NRA Host: Ammosexuals Are Minorities Too!

Colion Noir
Colion Noir (image courtesy NRA News)

When the National Rifle Association says something, you can almost take it to the bank that it’s going to be outrageous. But even by those standards, a host on NRA News has really gone off the deep end. He’d like us to think that if you’re a gun owner, you have to endure the same hardships as racial minorities and LGBT people.

Colion Noir is the host of “Noir,” a Webcast that has been on the air since 2014 on NRA News. It’s part of an NRA push to bring its message to minorities and millennials. To give you an idea of just how out of touch the NRA is on this, the NRA began this astroturfing campaign soon after Sandy Hook.

On the November 10 edition of his show, Noir claimed that people of color, gays, lesbians, and transgenders aren’t the only ones who have the right to claim minority status. No, no–according to this host, gun owners are minorities as well. Watch here.

Noir claims that the Second Amendment is what protects minority rights in “the land of the minority.” As he sees it, if you support gun rights, “you’re fighting for the right of people who disagree with you” to own a gun. However, Noir shoots himself in the foot when he boils his argument down to one sentence:

“Majorities by definition accept the status quo. Minorities change it.”

Really, Colion? Then why were efforts to reform our gun laws in this country derailed after Sandy Hook, even in the face of overwhelming majorities demanding that the status quo be changed? Oh, that’s right–because the NRA had the power to strike fear in the hearts of enough Senators that the measure couldn’t get 60 votes for cloture.

Media Matters’ Timothy Johnson points out that Noir’s argument falls flat on several other counts. For one thing, gun ownership is not something you’re born with–it’s a choice. There is also no evidence that gun owners have ever faced the level of “systematic and institutional discrimination” that racial minorities and LGBT people have had to endure.

I did some digging on Noir, and found out he’s more or less made to order for the NRA. According to The Daily Beast, his real name is Collins Idehen. Most of his videos are standard agitprop typical of an NRA host. When his show premiered last year, it didn’t take long for it to turn into the usual NRA rants about how Hillary Clinton and Mike Bloomberg want to take our guns.

To give you an idea about the kind of person Noir/Idehen is, he once claimed that Martin Luther King, Jr. was pro-gun because he tried to get a concealed-carry permit after someone firebombed his house in Montgomery. What Noir/Idehen doesn’t tell you is that soon afterward, King concluded that he could not serve as the leader of a movement based on nonviolence when he himself had a gun. He got rid of the gun that he owned, contenting himself with posting unarmed guards at his house around the clock and not traveling alone. He realized that “I was much more afraid” when he had a gun in his house than when he didn’t have one.

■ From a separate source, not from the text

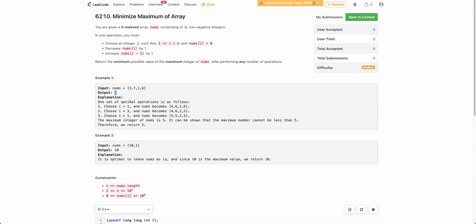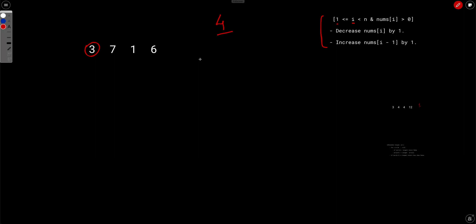Instead of directly solving this problem — which has a lot of moving pieces since there are many possible orders of operations — let's solve a smaller version first. What we want to solve is: given an array, can we make all integers less than or equal to some value x? The operation remains the same.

As it turns out, this urban myth has been floating around the gun lobby for a long time. Just because a black host says it doesn’t make it any less unhinged and inaccurate than it would from the mouth of Wayne LaPierre. The fact that the NRA considers someone who spews such easily debunked claptrap to be its “Great Black Hope” and “Great Millennial Hope” tells you all you need to know about the NRA.

Darrell is a 30-something graduate of the University of North Carolina who considers himself a journalist of the old school. An attempt to turn him into a member of the religious right in college only succeeded in turning him into the religious right's worst nightmare--a charismatic Christian who is an unapologetic liberal. His desire to stand up for those who have been scared into silence only increased when he survived an abusive three-year marriage. You may know him on Daily Kos as Christian Dem in NC. Follow him on Twitter @DarrellLucus or connect with him on Facebook. Click here to buy Darrell a Mello Yello.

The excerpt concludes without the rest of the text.